Keane, originally from East Walpole, Mass., is a doctoral student in the Chester F. Carlson Center for Imaging Science at Rochester Institute of Technology. This summer, he joined doctoral students from around the world for the International Computer Vision Summer School held in Ragusa, Sicily, July 15–July 21.
During the program, Keane was awarded the inaugural “Brady Prize” and 600 euros (about $730) for an essay discussing the moral implications of automated vehicle monitoring systems, such as the red-light cameras installed in Rochester. The contest honors the contributions of scientist Sir Michael Brady to computer vision.
Keane traces his academic lineage to Brady, who taught at Massachusetts Institute of Technology and Oxford University. Brady was a doctoral adviser to the adviser of RIT professor Nathan Cahill, who is one of Keane’s advisers. “In academic genealogy, Brady would be my great-grandfather,” Keane says.
The Brady Prize stresses the social impact of technology alongside the fundamental goals of research and development. Keane’s essay considers the ethical traffic jam when surveillance and privacy rights collide.
“As technology advances, individuals in publicly surveilled areas could potentially have a large amount of information about their identity, habits, location and intentions presupposed through computer vision technologies, and these could be used to pass, without questions, judicial or financial judgment on them,” Keane says. “Roadway surveillance for tracking and monitoring individuals seems to be band-aids put on the problem of reckless driving. These techniques should be used as aids, not replacements.”
Keane, who earned his B.S./M.S. in electrical engineering at RIT in 2011, is conducting his doctoral research in computer vision under Cahill, associate professor in the Center for Applied and Computational Mathematics in the School of Mathematical Sciences at RIT and a graduate faculty member in the Center for Imaging Science, and Jeff Pelz, professor in the Multidisciplinary Vision Research Lab in the Center for Imaging Science.
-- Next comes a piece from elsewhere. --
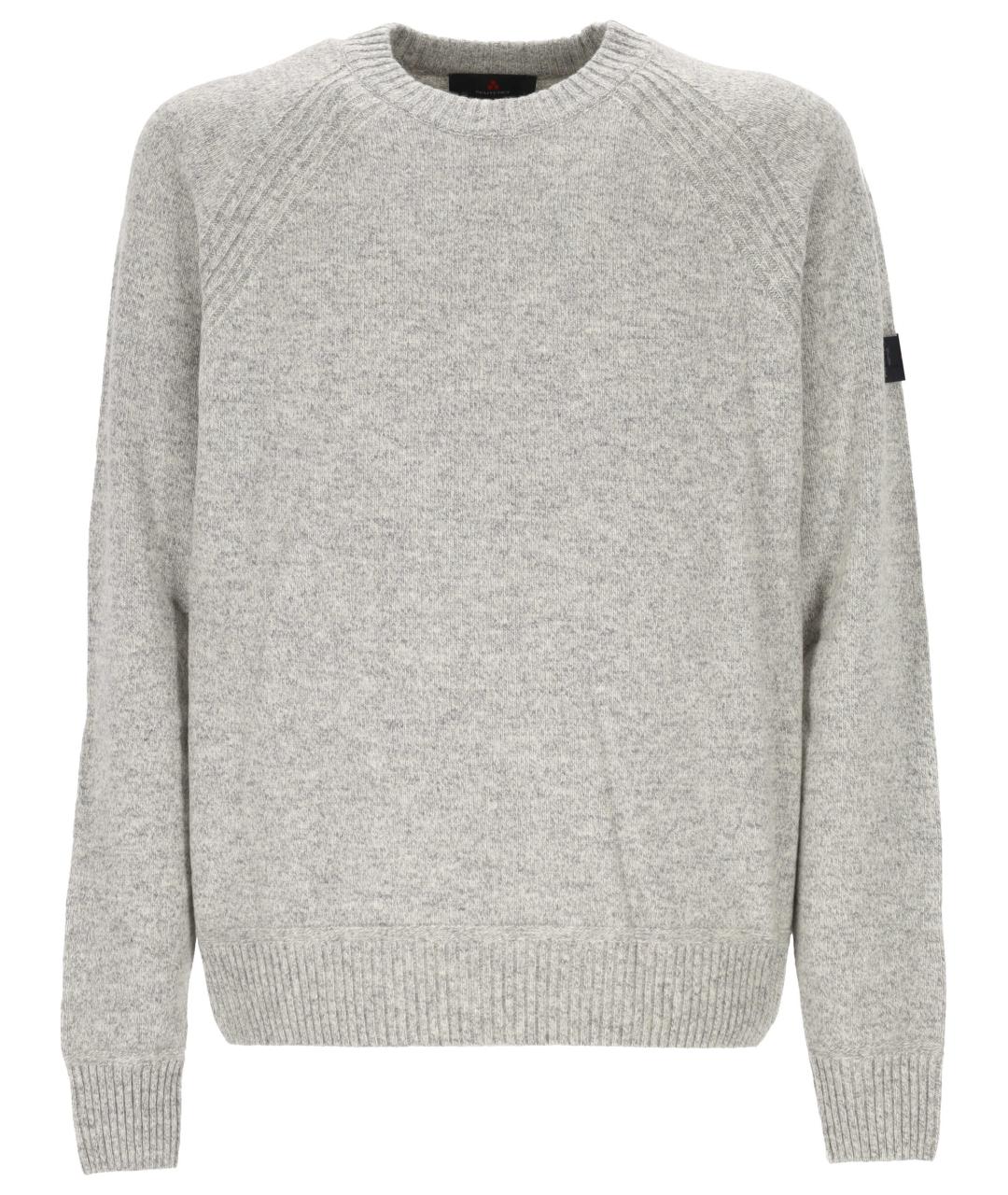 PEUTEREY Серый шерстяной джемпер / свитер, фото 1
A project in Pelz’s lab took Keane to Death Valley National Park in California last March. Pelz and his other assistants collected eye-tracking data of University of Rochester students on a geological field trip as part of an RIT-UR collaboration investigating the way novices learn visual cues from experts. The study tracks how students gain knowledge by focusing on important features and blocking out unnecessary information in their surroundings. Keane captured panoramic and still imagery of the vistas the students looked at during the trip.
Back in the laboratory, Keane projects the eye-tracking data onto the landscape imagery and builds three-dimensional surface models registering, or lining up, the data into seamless and deep images that track the students’ progress from novice to initiated student. The technology has potential applications as teaching tools and in distance learning.
After finishing his doctoral degree, Keane plans to let his computer-vision skills take him further afield. He plans to pursue a career in industry developing algorithms for three-dimensional technology for film or television productions.